BOS-Digitalfunk Baden-Württemberg [Beitrag Nr. 6]

Einführung und Betrieb des BOS-Digitalfunks kosten Baden-Württemberg nach einer Kostenberechnung der Finanzkontrolle bis 2021 mindestens 637 Mio. Euro. Ab 2022 muss mit jährlichen Folgekosten von durchschnittlich 50 Mio. Euro gerechnet werden.

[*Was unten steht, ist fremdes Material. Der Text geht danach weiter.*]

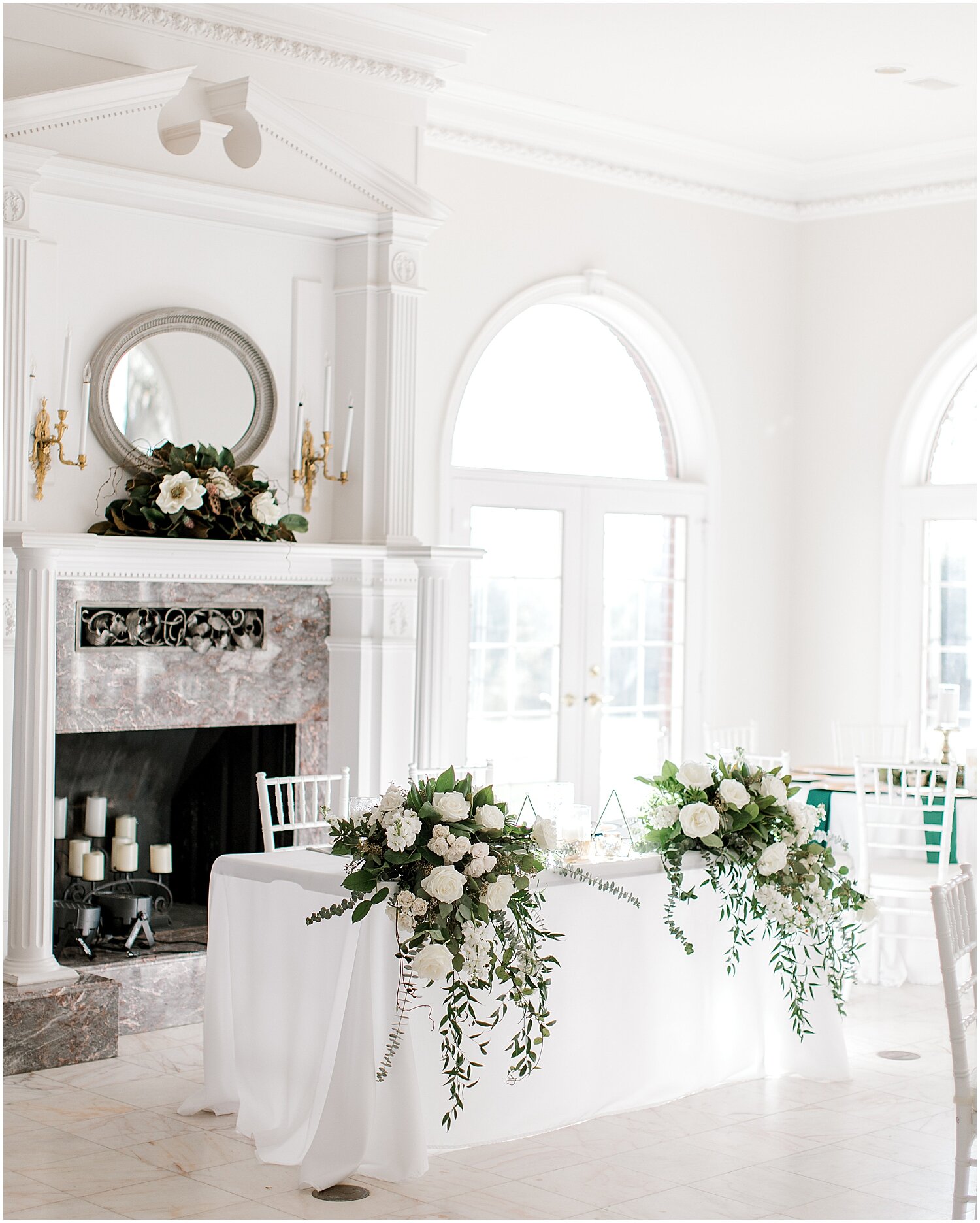  sweetheart table with white with greenery decor 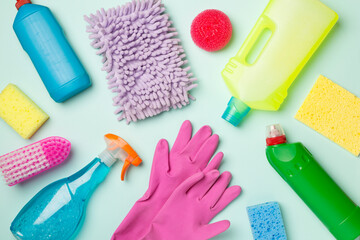 Many different house cleaning products on color background, top view - Powered by Adobe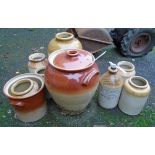 Various stoneware jars including two handled crock with lid, printed part honey glaze flagon for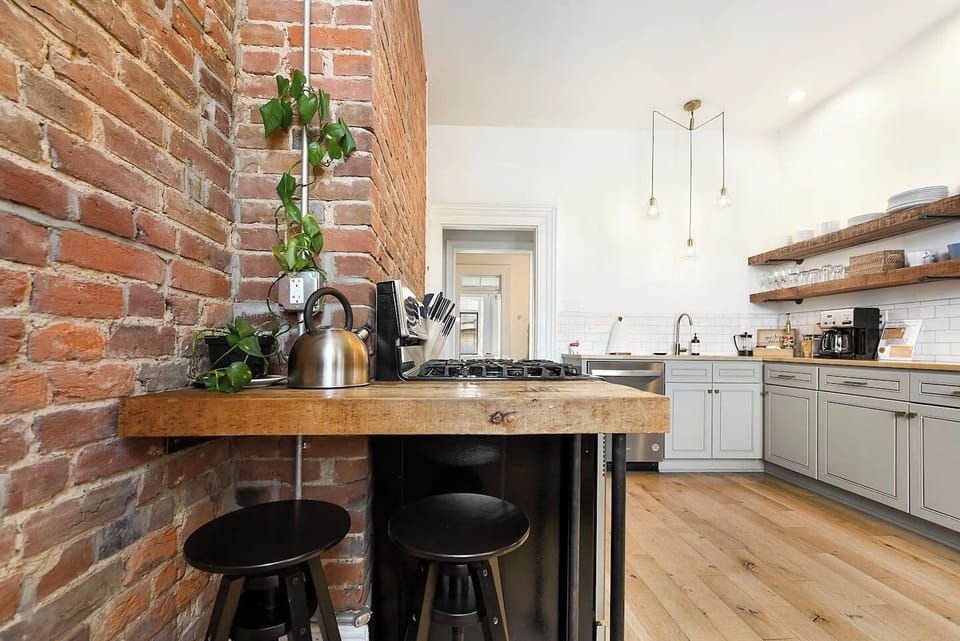 Enjoy a stylish kitchen with a cozy brick wall, fully equipped with cookware, appliances, and a coffee maker—perfect for your morning brew. Cook with ease and enjoy a warm, inviting space for your meals.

Die ursprünglich im Haushalt veranschlagten Projektkosten von 400 Mio. Euro waren von Anfang an kleingerechnet und wurden erst sehr spät dem tatsächlichen Bedarf angepasst.

1 Ausgangslage

Bund und Länder bauen für die Behörden und Organisationen mit Sicherheitsaufgaben (BOS) ein gemeinsames Digitalfunknetz auf. Es soll das veraltete BOS-Analogfunknetz ablösen. Ziel ist es, bundesweit eine abhörsichere, störungsfreie und schnelle Kommunikation zwischen den BOS zu ermöglichen. Zur Planung und Durchführung des Projekts in Baden-Württemberg gründete das Land die Projektorganisation „BOS-Digitalfunk Baden-Württemberg“. Für das Projekt wurde im Doppelhaushalt 2005/2006 eine Verpflichtungsermächtigung von 400 Mio. Euro veranschlagt.

Seit 2004 wird das Vorhaben von einem Lenkungsausschuss gesteuert, in dem der Rechnungshof seit 2008 beratend vertreten ist. In der 16. Sitzung im Juni 2011 wurden um 160 Mio. Euro höhere Ausgaben genannt als ursprünglich geplant. Das war Anlass für unsere Prüfung. Sie soll die vollständigen Kosten für Einführung und laufenden Betrieb des BOS-Digitalfunks in Baden-Württemberg aufzeigen. Ferner soll sie die Folgekosten für den Betrieb sowie den notwendigen technischen Refresh ab 2022 abschätzen.

2 Prüfungsergebnisse

2.1 Zuständigkeiten und Finanzierung

Der BOS-Digitalfunk basiert auf einer komplexen technischen Infrastruktur. Aufbau und Betrieb verursachen enorme Kosten und erfordern eine enge Zusammenarbeit von Bund und Ländern. Die zentrale Steuerung des Projekts wurde der Bundesanstalt für den Digitalfunk der Behörden und Organisationen mit Sicherheitsaufgaben (BDBOS) übertragen. Zuständigkeiten für Errichtung, Betrieb sowie Finanzierung des Projekts und der BDBOS sind in umfangreichen Abkommen und Vereinbarungen zwischen den Beteiligten geregelt.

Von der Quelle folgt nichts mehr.